That story was the focus of a recent ESPN Outside the Lines episode. The 30-minute show revisited the Gill drama and lamented the fact that there were only four black head coaches in Football Bowl Subdivision program (recent hires by Eastern Michigan and Miami of Ohio have increased the number to six).

What the show failed to mention was the University of Kentucky football program, which has shown itself to be ahead of the curve with regards to minority coaching hires. UK Coach Rich Brooks has a black offensive coordinator (Joker Phillips) and defensive coordinator (Steve Brown).

Notre Dame and Mississippi State were the only other FBS schools to have two black coordinators in 2008.

Brown started out as a secondary coach before being promoted to defensive coordinator last season. Brooks hired Phillips, a Wildcat letterman from 1981-84, as a receivers coach/recruiting coordinator on his first UK staff in 2003, promoted him to offensive coordinator in 2005, and Phillips has been named UK's next head coach whenever Brooks decides to step down.

"I've always tried to hire who I felt like were the best coaches for each situation, and that's what happened with both Joker and Steve," Brooks said. "They're both guys that have been on my staff that I'm familiar with and comfortable with. I think the fact that it gave two guys an opportunity when maybe there aren't as many opportunities there is an added bonus."

Kentucky's diverse staff and Phillips' status as head coach-in-waiting seems to sit well with both current players and recruits.

"I think it does help certain players feel at ease a little bit," said junior defensive tackle Corey Peters, who was recruited by Phillips. "Players see what's going on out there, and for a school to make a commitment to a black head coach and to have two black coordinators speaks well for the program."

"One thing I've noticed since I've been here is the people in our administration don't have issues with skin color," junior defensive end Jeremy Jarmon said. "I think that's pretty obvious. I know that it's a huge bonus for some guys to come in and see a diverse coaching environment. It helps people get familiar with different kinds of people and breaks down stereotypes."

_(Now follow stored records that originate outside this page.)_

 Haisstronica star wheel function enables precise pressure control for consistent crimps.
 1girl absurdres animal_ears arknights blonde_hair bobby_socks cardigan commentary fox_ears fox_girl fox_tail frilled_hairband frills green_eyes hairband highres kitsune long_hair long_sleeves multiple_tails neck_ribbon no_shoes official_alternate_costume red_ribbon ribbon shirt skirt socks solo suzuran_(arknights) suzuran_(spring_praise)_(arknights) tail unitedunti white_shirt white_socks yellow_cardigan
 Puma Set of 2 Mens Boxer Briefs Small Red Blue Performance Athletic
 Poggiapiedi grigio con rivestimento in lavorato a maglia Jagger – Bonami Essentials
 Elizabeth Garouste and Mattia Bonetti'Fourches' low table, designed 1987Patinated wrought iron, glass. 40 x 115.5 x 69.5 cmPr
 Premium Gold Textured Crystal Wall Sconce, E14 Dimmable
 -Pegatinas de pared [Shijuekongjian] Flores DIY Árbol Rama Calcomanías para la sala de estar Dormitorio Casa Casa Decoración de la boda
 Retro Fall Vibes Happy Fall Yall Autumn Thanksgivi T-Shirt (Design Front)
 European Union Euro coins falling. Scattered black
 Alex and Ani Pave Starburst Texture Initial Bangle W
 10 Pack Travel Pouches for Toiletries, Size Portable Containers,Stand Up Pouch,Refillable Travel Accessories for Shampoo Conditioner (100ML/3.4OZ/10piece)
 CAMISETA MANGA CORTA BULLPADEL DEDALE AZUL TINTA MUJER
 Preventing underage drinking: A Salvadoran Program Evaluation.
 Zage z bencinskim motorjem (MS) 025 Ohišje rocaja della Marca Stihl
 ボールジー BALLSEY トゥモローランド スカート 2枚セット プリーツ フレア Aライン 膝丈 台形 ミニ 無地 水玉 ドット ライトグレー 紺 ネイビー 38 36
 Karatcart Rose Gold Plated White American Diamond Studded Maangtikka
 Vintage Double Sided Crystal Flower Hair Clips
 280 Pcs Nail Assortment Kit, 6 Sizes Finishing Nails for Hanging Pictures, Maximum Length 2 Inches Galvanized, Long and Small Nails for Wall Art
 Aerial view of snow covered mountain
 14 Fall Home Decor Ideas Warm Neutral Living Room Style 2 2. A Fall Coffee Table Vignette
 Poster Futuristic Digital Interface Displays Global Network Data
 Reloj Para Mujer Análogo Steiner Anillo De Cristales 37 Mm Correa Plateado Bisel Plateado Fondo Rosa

UK Athletics Director Mitch Barnhart thinks Brooks' commitment to diversity has been overlooked.

"He hasn't been given enough credit," Barnhart said. "You look on Outside the Lines or hear all the people discussing the topic, and they're tattooing people left and right. Not one of them mentioned that Kentucky had two African-American coordinators and an African-American head coach-in waiting. People want the problem to be fixed, yet they're not doing their homework, either."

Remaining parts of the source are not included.